Впереди пошел граф с Марьей Дмитриевной; потом графиня, которую повел гусарский полковник, нужный человек, с которым Николай должен был догонять полк. Анна Михайловна – с Шиншиным. Берг подал руку Вере. Улыбающаяся Жюли Карагина пошла с Николаем к столу. За ними шли еще другие пары, протянувшиеся по всей зале, и сзади всех по одиночке дети, гувернеры и гувернантки. Официанты зашевелились, стулья загремели, на хорах заиграла музыка, и гости разместились. Звуки домашней музыки графа заменились звуками ножей и вилок, говора гостей, тихих шагов официантов.
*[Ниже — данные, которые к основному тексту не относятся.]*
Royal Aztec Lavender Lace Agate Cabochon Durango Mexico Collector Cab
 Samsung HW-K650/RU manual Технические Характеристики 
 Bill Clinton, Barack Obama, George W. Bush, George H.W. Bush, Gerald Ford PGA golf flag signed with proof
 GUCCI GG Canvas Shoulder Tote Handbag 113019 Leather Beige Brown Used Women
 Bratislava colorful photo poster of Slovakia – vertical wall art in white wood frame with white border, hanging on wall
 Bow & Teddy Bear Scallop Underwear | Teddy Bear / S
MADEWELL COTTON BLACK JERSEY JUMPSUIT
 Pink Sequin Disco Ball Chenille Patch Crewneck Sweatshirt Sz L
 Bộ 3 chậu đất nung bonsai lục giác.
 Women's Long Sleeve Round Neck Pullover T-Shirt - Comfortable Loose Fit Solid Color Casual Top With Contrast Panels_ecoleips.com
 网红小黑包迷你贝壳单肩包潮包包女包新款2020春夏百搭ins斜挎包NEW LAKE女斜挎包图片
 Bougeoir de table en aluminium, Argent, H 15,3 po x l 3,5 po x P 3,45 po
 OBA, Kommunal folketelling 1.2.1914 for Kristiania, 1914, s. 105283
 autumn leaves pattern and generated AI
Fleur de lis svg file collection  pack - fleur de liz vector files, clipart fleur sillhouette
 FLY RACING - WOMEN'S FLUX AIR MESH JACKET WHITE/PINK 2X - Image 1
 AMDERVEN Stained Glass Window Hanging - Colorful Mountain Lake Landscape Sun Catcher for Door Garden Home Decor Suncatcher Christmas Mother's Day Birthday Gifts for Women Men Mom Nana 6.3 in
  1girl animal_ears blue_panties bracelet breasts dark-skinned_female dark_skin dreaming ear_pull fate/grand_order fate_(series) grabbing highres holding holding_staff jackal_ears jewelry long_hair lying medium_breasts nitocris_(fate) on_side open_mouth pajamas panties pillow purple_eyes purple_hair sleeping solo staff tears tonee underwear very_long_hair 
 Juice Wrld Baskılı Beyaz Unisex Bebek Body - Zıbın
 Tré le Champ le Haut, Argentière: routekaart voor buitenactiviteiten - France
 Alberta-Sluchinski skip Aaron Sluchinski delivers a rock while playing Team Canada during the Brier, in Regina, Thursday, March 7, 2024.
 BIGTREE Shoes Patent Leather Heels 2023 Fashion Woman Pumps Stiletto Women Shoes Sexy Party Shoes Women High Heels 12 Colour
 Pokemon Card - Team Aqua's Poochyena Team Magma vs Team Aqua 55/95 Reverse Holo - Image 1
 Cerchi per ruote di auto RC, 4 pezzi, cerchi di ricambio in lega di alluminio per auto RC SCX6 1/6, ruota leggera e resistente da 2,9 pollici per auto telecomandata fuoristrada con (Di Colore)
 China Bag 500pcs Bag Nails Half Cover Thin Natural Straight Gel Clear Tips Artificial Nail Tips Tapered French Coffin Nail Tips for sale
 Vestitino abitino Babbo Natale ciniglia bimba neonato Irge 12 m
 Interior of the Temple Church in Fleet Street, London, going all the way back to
На одном конце стола во главе сидела графиня. Справа Марья Дмитриевна, слева Анна Михайловна и другие гостьи. На другом конце сидел граф, слева гусарский полковник, справа Шиншин и другие гости мужского пола. С одной стороны длинного стола молодежь постарше: Вера рядом с Бергом, Пьер рядом с Борисом; с другой стороны – дети, гувернеры и гувернантки. Граф из за хрусталя, бутылок и ваз с фруктами поглядывал на жену и ее высокий чепец с голубыми лентами и усердно подливал вина своим соседям, не забывая и себя. Графиня так же, из за ананасов, не забывая обязанности хозяйки, кидала значительные взгляды на мужа, которого лысина и лицо, казалось ей, своею краснотой резче отличались от седых волос. На дамском конце шло равномерное лепетанье; на мужском всё громче и громче слышались голоса, особенно гусарского полковника, который так много ел и пил, всё более и более краснея, что граф уже ставил его в пример другим гостям. Берг с нежной улыбкой говорил с Верой о том, что любовь есть чувство не земное, а небесное. Борис называл новому своему приятелю Пьеру бывших за столом гостей и переглядывался с Наташей, сидевшей против него. Пьер мало говорил, оглядывал новые лица и много ел. Начиная от двух супов, из которых он выбрал a la tortue, [черепаховый,] и кулебяки и до рябчиков он не пропускал ни одного блюда и ни одного вина, которое дворецкий в завернутой салфеткою бутылке таинственно высовывал из за плеча соседа, приговаривая или «дрей мадера», или «венгерское», или «рейнвейн». Он подставлял первую попавшуюся из четырех хрустальных, с вензелем графа, рюмок, стоявших перед каждым прибором, и пил с удовольствием, всё с более и более приятным видом поглядывая на гостей. Наташа, сидевшая против него, глядела на Бориса, как глядят девочки тринадцати лет на мальчика, с которым они в первый раз только что поцеловались и в которого они влюблены. Этот самый взгляд ее иногда обращался на Пьера, и ему под взглядом этой смешной, оживленной девочки хотелось смеяться самому, не зная чему.